Dalam surat tersebut, Disnaker Konut meminta seluruh pihak hadir tepat waktu sekaligus membawa data atau berkas yang diperlukan dalam proses penyelesaian perselisihan hubungan industrial.
Pemanggilan ini dilakukan dengan mengacu pada ketentuan Pasal 10 Undang-Undang Nomor 2 Tahun 2004 tentang Penyelesaian Perselisihan Hubungan Industrial serta Peraturan Menteri Tenaga Kerja dan Transmigrasi Nomor 17 Tahun 2014 tentang Pengangkatan dan Pemberhentian Mediator Hubungan Industrial serta Tata Kerja Mediasi.
Sengketa antara pekerja dan PT NPM Site Bososi sebelumnya telah menjadi perhatian karena proses penyelesaiannya dinilai berjalan cukup panjang. FKSPN bahkan pada awal Agustus 2026 melaporkan dugaan lambannya penanganan perselisihan tersebut kepada Ombudsman RI Perwakilan Sulawesi Tenggara dan Dinas Tenaga Kerja Provinsi Sulawesi Tenggara.

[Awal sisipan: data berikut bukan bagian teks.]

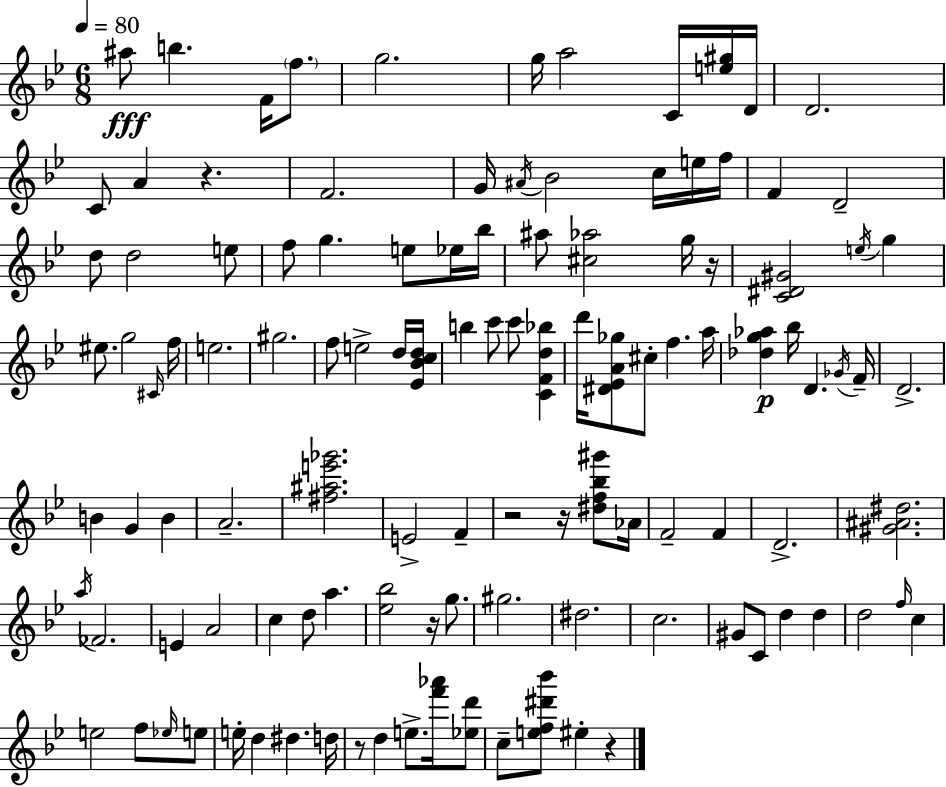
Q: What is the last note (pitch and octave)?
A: EIS5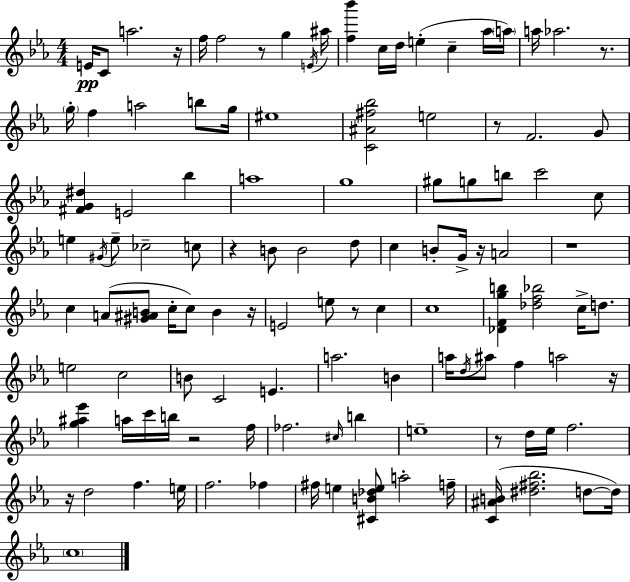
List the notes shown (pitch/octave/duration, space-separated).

E4/s C4/e A5/h. R/s F5/s F5/h R/e G5/q E4/s A#5/s [F5,Bb6]/q C5/s D5/s E5/q C5/q Ab5/s A5/s A5/s Ab5/h. R/e. G5/s F5/q A5/h B5/e G5/s EIS5/w [C4,A#4,F#5,Bb5]/h E5/h R/e F4/h. G4/e [F#4,G4,D#5]/q E4/h Bb5/q A5/w G5/w G#5/e G5/e B5/e C6/h C5/e E5/q G#4/s E5/e CES5/h C5/e R/q B4/e B4/h D5/e C5/q B4/e G4/s R/s A4/h R/w C5/q A4/e [G#4,A#4,B4]/e C5/s C5/e B4/q R/s E4/h E5/e R/e C5/q C5/w [Db4,F4,G5,B5]/q [Db5,F5,Bb5]/h C5/s D5/e. E5/h C5/h B4/e C4/h E4/q. A5/h. B4/q A5/s D5/s A#5/e F5/q A5/h R/s [G5,A#5,Eb6]/q A5/s C6/s B5/s R/h F5/s FES5/h. C#5/s B5/q E5/w R/e D5/s Eb5/s F5/h. R/s D5/h F5/q. E5/s F5/h. FES5/q F#5/s E5/q [C#4,B4,Db5,E5]/e A5/h F5/s [C4,A#4,B4]/s [D#5,F#5,Bb5]/h. D5/e D5/s C5/w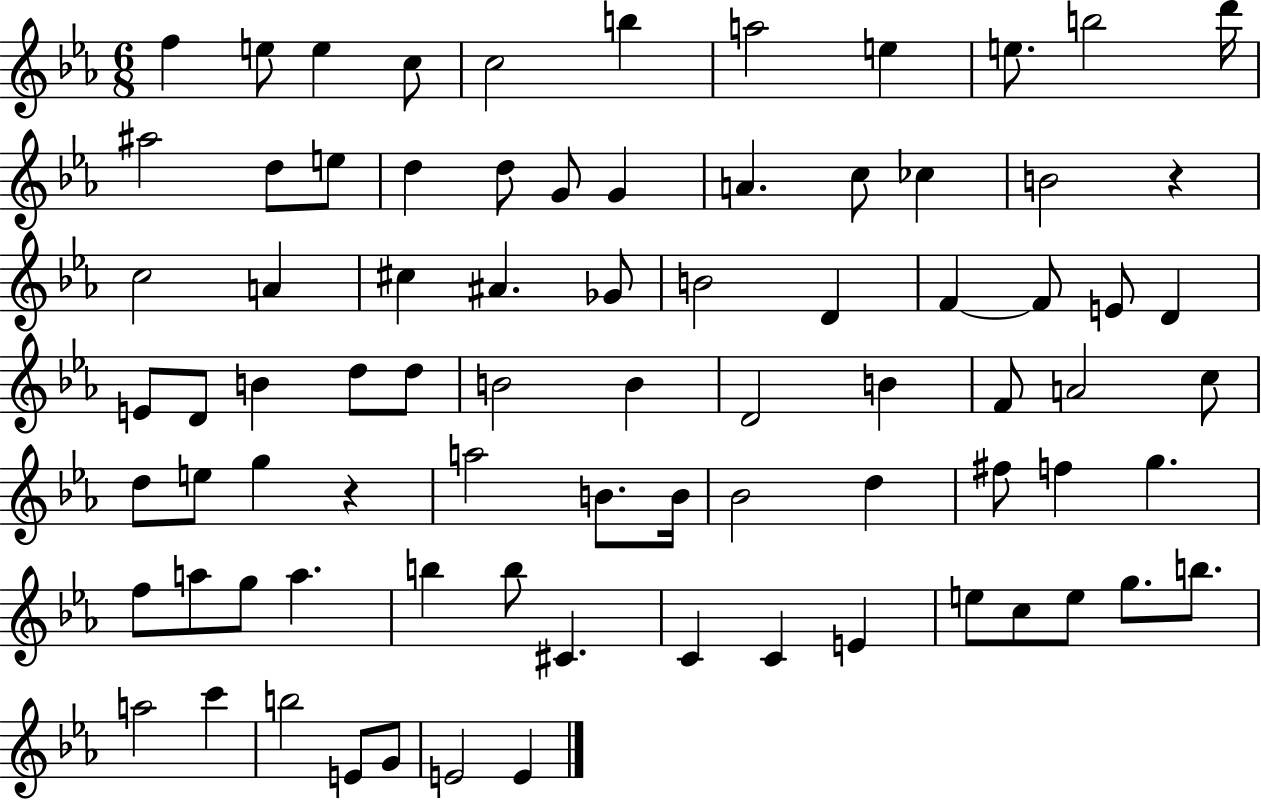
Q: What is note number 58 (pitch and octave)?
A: A5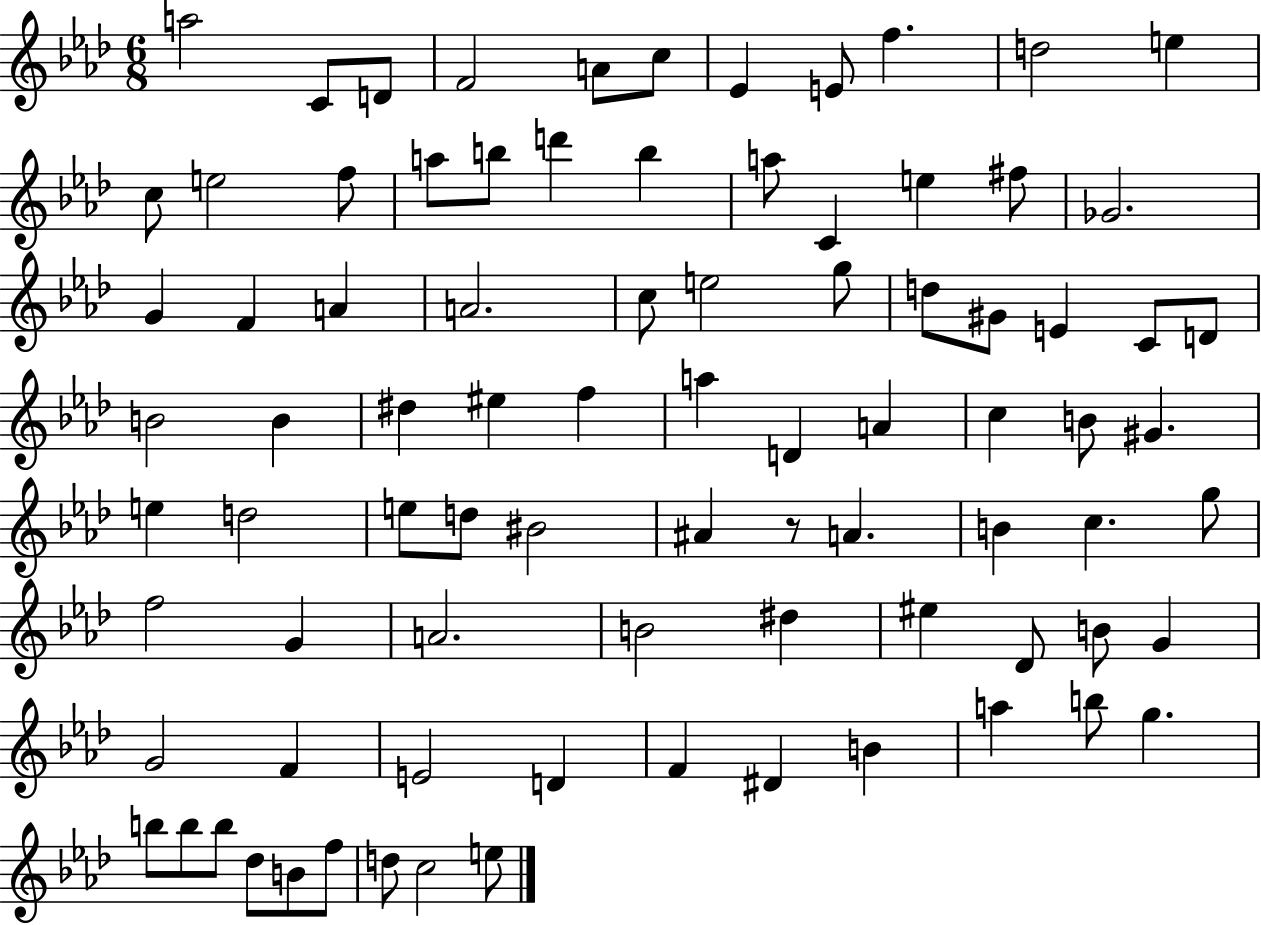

Dengan adanya pemanggilan kedua ini, proses mediasi diharapkan dapat mempertemukan para pihak untuk membahas pokok perselisihan dan mencari penyelesaian sesuai mekanisme penyelesaian perselisihan hubungan industrial.
Hingga saat ini, hasil mediasi kedua tersebut belum diketahui karena pelaksanaannya baru dijadwalkan pada 27 Agustus 2026.